On Mon, Jul 15, 2019 at 9:34 AM Andi Kleen <ak@xxxxxxxxxxxxxxx> wrote:
Juergen Gross <jgross@xxxxxxxx> writes:
The long term plan has been to replace Xen PV guests by PVH. The first
victim of that plan are now 32-bit PV guests, as those are used only
rather seldom these days. Xen on x86 requires 64-bit support and with
Grub2 now supporting PVH officially since version 2.04 there is no
need to keep 32-bit PV guest support alive in the Linux kernel.
Additionally Meltdown mitigation is not available in the kernel running
as 32-bit PV guest, so dropping this mode makes sense from security
point of view, too.
Normally we have a deprecation period for feature removals like this.

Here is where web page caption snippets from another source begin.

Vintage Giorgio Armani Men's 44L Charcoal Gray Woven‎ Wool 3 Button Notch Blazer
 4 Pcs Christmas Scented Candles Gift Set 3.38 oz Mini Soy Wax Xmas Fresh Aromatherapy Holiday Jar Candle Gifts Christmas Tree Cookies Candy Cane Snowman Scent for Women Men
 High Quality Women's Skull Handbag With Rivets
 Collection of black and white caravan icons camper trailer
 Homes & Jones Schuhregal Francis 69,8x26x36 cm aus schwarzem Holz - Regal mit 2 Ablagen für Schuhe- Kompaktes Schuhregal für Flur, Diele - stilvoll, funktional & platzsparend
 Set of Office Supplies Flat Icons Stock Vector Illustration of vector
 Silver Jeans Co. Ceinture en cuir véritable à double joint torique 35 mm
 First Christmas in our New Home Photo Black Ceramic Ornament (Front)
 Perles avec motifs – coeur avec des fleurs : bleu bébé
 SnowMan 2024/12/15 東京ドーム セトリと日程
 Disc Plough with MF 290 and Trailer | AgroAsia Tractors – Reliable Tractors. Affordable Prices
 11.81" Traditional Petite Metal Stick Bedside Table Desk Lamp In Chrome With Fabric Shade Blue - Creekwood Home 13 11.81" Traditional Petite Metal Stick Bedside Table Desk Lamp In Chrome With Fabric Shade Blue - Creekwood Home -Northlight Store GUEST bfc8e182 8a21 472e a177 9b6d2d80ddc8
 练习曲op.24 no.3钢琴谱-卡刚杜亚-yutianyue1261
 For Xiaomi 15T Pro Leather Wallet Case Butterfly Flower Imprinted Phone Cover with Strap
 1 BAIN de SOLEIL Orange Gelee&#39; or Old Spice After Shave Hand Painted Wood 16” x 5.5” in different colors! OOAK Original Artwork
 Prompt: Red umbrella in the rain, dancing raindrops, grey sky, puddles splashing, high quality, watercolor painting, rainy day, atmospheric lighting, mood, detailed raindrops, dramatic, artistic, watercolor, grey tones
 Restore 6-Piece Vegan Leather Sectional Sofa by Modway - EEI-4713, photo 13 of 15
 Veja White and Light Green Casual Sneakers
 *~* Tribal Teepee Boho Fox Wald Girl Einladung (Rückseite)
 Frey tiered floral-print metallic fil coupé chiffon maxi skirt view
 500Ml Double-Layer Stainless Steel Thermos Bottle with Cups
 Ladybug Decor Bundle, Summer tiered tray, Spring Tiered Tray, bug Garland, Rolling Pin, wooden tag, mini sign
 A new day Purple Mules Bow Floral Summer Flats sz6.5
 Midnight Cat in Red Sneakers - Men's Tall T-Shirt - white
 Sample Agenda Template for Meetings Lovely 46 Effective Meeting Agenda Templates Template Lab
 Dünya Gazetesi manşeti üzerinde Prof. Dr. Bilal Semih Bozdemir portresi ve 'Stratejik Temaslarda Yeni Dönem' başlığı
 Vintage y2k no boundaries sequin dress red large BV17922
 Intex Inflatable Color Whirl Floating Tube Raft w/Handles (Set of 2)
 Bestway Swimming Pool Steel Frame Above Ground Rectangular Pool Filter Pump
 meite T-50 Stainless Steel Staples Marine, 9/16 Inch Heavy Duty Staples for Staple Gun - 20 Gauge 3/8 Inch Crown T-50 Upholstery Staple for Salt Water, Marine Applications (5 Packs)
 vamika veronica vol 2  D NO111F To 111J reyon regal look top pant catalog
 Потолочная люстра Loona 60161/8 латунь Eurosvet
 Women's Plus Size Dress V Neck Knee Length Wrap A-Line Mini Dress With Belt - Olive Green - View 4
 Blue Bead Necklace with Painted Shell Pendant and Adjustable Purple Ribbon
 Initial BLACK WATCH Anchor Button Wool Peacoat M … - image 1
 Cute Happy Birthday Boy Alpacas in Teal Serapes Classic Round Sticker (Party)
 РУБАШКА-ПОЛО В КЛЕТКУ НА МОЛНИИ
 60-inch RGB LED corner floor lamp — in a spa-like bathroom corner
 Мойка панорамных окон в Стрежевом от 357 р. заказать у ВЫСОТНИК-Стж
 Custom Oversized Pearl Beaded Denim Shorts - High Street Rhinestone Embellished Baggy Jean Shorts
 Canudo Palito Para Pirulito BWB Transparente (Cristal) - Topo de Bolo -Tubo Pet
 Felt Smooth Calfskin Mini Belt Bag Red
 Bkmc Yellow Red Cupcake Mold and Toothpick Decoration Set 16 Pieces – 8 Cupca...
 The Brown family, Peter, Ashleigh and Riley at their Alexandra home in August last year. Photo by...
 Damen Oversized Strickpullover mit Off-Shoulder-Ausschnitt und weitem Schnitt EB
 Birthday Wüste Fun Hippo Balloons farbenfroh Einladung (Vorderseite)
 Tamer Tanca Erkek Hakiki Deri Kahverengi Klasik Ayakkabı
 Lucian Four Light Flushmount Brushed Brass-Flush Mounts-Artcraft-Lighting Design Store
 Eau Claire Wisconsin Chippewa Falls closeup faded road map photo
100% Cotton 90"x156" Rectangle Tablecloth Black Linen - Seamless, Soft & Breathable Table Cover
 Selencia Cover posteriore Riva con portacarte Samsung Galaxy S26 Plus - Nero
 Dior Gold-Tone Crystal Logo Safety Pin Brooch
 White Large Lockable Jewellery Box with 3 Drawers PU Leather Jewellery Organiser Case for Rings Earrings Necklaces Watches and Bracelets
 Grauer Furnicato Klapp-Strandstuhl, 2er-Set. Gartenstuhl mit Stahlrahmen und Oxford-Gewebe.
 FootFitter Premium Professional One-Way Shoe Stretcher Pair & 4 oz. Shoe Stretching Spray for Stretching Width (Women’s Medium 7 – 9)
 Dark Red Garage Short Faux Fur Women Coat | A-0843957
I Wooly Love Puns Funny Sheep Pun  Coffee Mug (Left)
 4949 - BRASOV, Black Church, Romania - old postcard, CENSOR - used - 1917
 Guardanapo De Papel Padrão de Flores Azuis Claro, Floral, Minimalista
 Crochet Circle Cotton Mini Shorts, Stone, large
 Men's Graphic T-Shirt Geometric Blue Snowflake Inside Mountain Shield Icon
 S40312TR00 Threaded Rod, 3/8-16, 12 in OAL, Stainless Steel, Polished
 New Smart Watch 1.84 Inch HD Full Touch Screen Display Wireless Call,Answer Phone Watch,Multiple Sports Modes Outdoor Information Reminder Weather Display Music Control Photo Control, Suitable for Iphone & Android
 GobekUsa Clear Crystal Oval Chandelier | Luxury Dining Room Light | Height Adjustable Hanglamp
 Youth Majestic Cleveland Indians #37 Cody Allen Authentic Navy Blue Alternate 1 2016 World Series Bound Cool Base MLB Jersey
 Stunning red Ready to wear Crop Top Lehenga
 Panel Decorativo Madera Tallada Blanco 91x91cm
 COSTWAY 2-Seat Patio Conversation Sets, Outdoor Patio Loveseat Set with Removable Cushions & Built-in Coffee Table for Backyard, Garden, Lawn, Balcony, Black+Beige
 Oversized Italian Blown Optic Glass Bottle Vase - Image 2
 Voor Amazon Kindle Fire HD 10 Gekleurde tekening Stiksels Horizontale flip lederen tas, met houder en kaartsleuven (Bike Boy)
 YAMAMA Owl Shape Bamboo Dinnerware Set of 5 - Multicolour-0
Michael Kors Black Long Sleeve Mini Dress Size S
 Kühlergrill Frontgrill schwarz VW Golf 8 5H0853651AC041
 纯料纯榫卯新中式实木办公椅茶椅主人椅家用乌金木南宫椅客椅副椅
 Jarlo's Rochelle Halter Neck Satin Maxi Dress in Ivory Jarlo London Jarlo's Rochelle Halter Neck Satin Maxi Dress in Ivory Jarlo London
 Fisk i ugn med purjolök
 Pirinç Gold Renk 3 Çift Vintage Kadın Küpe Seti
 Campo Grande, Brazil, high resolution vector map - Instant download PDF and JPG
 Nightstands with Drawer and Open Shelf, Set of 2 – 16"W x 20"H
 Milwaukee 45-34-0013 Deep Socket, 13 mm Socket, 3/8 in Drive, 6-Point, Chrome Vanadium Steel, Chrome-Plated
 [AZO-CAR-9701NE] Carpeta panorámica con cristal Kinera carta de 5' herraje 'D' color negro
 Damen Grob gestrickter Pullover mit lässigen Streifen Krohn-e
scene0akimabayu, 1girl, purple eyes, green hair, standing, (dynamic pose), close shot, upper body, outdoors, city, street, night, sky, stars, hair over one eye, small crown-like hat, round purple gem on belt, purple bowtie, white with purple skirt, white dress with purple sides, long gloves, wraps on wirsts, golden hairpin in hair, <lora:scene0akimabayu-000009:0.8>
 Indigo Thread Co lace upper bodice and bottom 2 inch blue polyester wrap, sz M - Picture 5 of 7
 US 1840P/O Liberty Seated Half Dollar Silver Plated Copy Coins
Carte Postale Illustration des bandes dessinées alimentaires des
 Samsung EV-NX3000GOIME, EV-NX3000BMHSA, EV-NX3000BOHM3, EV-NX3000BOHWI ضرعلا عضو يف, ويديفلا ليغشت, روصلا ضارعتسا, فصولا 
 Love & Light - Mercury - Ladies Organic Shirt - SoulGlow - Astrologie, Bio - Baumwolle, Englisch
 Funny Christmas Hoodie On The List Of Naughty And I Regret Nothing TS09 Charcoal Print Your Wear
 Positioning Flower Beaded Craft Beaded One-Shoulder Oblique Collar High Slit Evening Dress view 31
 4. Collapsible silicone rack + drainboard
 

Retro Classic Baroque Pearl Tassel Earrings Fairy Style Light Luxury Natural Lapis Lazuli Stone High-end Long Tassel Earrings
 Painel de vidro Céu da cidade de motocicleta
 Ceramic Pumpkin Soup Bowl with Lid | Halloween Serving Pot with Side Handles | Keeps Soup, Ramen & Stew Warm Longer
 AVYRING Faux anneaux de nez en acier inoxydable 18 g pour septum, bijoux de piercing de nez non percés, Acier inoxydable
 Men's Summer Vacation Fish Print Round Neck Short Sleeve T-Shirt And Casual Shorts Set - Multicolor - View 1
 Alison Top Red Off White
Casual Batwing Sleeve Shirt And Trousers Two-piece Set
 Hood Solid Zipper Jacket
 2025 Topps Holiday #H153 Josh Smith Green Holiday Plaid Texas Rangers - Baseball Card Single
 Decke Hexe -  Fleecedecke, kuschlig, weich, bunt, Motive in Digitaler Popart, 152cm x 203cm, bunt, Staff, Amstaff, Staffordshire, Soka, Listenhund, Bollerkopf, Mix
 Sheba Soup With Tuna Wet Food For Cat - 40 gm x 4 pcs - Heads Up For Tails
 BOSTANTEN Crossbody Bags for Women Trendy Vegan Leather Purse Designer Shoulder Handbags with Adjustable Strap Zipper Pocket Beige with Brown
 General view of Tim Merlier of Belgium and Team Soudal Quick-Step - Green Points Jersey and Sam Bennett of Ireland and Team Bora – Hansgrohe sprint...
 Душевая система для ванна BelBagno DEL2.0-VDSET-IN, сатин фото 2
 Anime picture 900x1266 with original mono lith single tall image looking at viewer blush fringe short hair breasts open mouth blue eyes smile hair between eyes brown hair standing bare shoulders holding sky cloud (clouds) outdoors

You would make the kernel print a warning for some releases, and when
no user complains you can then remove. If a user complains you can't.
As I understand it, the kernel rules do allow changes like this even
if there's a complaint: this is a patch that removes what is
effectively hardware support. If the maintenance cost exceeds the
value, then removal is fair game. (Obviously we weight the value to
preserving compatibility quite highly, but in this case, Xen dropped
32-bit hardware support a long time ago. If the Xen hypervisor says
that 32-bit PV guest support is deprecated, it's deprecated.)
That being said, a warning might not be a bad idea. What's the
current status of this in upstream Xen?